The unveiling of the drum was done in commemoration of the Black History Month, by the director of Femi Arts Warehouse, Femi Coker, in partnership with his counterpart of De Roots Renaissance, Babatunde Olaide-Mesewaku.
“In reminiscence of the aims and objectives of the Black History Month, the tallest drum is a symbolic representation of the gargantuan contributions of the black race to world civilisation. The history of the black race is trapped in the twisted but stoic peregrination from the dark realm of slavery, colonisation, oppression and suppression through iron and blood struggle for freedom and libration to the regain of actual freedom, egalitarianism and global recognition,” Mesewaku said.
He said that through all the vicissitudes, the Blackman could still raise his head, making steady but monumental contributions to science and technology, sports, entertainment, music, academia, business, inventions and politics among others.
He also said that Coker has marked a historic moment in Badagry. “It is the 87thyear of initiating the Negro Black way. We are trying to stimulate and create awareness to black culture; telling people that blacks have contributed to the globe and to showcase through this artistic coronation to develop the world all over.”

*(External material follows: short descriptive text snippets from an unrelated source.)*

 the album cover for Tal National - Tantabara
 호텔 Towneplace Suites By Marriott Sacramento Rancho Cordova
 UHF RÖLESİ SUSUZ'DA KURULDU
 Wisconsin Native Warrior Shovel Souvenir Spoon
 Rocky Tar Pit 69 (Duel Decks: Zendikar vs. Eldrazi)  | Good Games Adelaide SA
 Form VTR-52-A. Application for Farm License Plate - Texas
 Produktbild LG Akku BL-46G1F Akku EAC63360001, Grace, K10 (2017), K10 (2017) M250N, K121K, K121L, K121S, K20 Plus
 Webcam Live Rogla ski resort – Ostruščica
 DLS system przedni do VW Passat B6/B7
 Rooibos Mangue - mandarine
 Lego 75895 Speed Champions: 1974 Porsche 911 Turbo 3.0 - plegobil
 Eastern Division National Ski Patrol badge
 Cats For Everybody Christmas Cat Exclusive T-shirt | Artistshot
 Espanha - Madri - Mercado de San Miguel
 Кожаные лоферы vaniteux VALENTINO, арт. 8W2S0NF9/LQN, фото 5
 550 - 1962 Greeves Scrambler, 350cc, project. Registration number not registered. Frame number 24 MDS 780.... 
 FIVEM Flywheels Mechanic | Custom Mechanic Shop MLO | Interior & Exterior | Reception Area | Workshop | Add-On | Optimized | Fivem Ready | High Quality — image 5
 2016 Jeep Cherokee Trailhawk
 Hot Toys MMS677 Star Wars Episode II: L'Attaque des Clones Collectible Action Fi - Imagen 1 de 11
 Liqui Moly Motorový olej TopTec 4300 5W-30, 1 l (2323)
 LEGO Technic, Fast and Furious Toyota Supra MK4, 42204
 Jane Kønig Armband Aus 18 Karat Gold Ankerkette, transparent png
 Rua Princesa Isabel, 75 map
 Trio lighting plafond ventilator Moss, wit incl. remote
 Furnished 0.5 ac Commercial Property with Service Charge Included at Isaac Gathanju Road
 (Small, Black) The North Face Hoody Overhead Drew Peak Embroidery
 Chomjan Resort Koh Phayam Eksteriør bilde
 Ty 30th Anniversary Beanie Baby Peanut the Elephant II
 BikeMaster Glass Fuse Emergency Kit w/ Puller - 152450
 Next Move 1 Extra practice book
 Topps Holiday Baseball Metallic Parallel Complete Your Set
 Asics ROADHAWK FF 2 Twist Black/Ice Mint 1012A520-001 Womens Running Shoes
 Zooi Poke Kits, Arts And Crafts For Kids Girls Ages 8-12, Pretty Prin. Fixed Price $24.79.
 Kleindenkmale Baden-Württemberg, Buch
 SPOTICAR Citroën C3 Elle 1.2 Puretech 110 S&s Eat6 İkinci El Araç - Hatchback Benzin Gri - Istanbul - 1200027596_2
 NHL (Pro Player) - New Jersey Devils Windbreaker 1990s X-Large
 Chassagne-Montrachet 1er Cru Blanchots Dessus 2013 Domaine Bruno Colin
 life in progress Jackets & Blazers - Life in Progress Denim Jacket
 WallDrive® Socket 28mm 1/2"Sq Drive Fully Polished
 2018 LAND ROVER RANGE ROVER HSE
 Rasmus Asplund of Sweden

According to the News Letter publisher, Mesewaku, the symbols of the Drum represent Africa culture and ways of life. “In African perspective, it is important in the sense that you want to see the drum performing when a child is born, or when a person is getting married or a person is being buried. We use it to symbolise the monumental achievements of the Blacks in the world. In civilisation and world history Blacks achieved a lot.
“We want this drum to be exhibited at the 2014 Black History Month in the United States of America.”
Watson prayed and believed with hope. “May the sound of this drum tug at your hearts and move you to action and may BH month be that of reflection on the accomplishments of the past with a renewed dedication to improve the future.”
According to Coker, the images on the drum symbolise royalty before the advent of the colonial masters. Africans were born kings, princes and princesses. Our culture, African History, Heritage and Humanity; it shows our festivals like Eyo, Ogun Ajabo and Ifa. “I’m trying to tell the religions of our people and that Africa is very rich in culture.”
Meanwhile, the sculptor of the drum is Edward Jonathan. Others present at the event included the representative of the Akran of Badagry Kingdom, High Chief Baala; the master drummer of the Federal Republic of Nigeria, Mr. Gbenga Uga, who is also an indigene of Badagry; the representative of the Commissioner for Tourism and Inter-governmental Relations, Mr. Ashamu Fadipe and the United Nations Educational, Scientific and Cultural Organisation Consultant and Head of Social Sciences, Crawford University, Professor Alaba Simpson among others.
Some of the groups that performed included the Sato, Stilt-walkers’ and the Kpoji dancers, respectively.
After the representative of the Akran of Badagry Kingdom, High Chief Baala, unveiled the drum, at 2.10pm, the three young stilt-walkers of Badagry played the drum to the sound of everyone, which caused them to dance, celebrate and hail the black race.
The 11-foot drum is made of hard wood and sealed at the end with a deer’s skin. Constructed round its long solid body are carved reliefs of various cultural and historical representations and interpretation beautified with cowries.